Normal mental development of the child

Does My Child Have an Emotional or Behavioral Disorder? Does My Child Normal mental development of the child a Mental Health, Emotional or Behavioral Disorder?

What to look for Among all the dilemmas facing a parent of a child with emotional or behavioral problems, the first question — whether the child’s behavior is sufficiently different to require a comprehensive evaluation by professionals — may be the most troublesome of all. Even when a child exhibits negative behaviors, members of a family may not all agree on whether the behaviors are serious. For instance, children who have frequent temper outbursts or who destroy toys may appear to have a serious problem to some parents, while others see the same behavior as asserting independence or showing leadership skills. Every child faces emotional difficulties from time to time, as do adults. Feelings of sadness, loss, or emotional extremes are part of growing up.

These are normal changes in behavior due to growth and development. At times, however, some children may develop inappropriate emotional and behavioral responses to situations in their lives that persist over time. The realization that a child’s behavior requires professional attention can be painful or frightening to parents who have tried to support their child, or it may be accepted and internalized as a personal failure by the parent. Sometimes parents fear that their child may be inappropriately labeled. They have concerns that the array of medicines and therapies suggested are not always agreed upon by all professionals.

While many parents will concede that they may need to learn new behavior management or communication techniques in order to provide a consistent and rewarding environment for their child, many also express deep anger about the blame that continues to be placed on families with children who behave differently.
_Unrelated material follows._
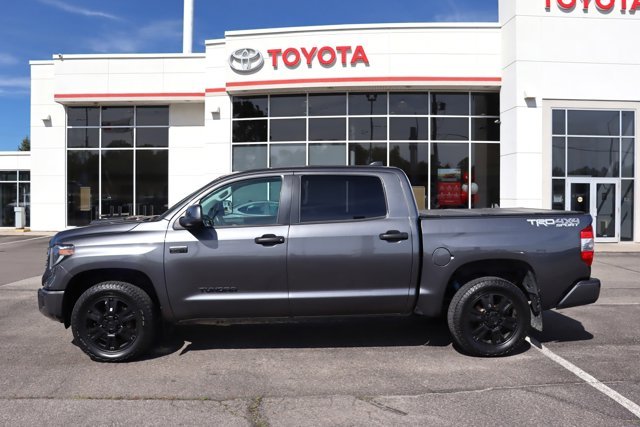 2021 Toyota Tundra TRD Sport Premium 4x4 Crewmax, Leather Heated Seats, Sunroof, Nav, Hood Scoop, Tonneau Cover-1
Where to start Before seeking a formal mental health evaluation, parents may have tried to help their child by talking to friends, relatives, or the child’s school. They may try to discover whether others see the same problems and to learn what others suggest. Parents may feel that they also need help in learning better ways of supporting the child through difficult times and may seek classes to help them sharpen behavior management or conflict resolution skills. If the problems a child is experiencing are seen as fairly severe and are unresponsive to interventions at school, in the community, or at home, a diagnostic evaluation by a competent mental health professional is probably in order. Evaluations provide information that, when combined with what parents know, may lead to a diagnosis of a mental health, emotional, or a behavioral disorder. So what is that magical moment when parents should recognize their child’s behavior has surpassed the boundary of what all children do and has become sufficiently alarming to warrant a formal evaluation?

It is often a gradual awareness that a child’s emotional or behavioral development just isn’t where it should be that sends most parents on a quest for answers. How much distress is your child’s problem causing you, the child, or other members of the family? If a child’s aggressive or argumentative behaviors, or sad or withdrawn behaviors are seen as a problem for a child, the school, or members of his or her family, then the child’s behaviors are a problem that should be looked at, regardless of their severity. While there is no substitute for parental knowledge, certain guidelines are available to help families make the decision to seek an evaluation. Does it just go on and on with no sign that the child is going to outgrow it and progress to a new stage? While temper tantrums are normal in almost all children, some tantrums could be so extreme that they are frightening to parents and suggest that some specific intervention might be necessary.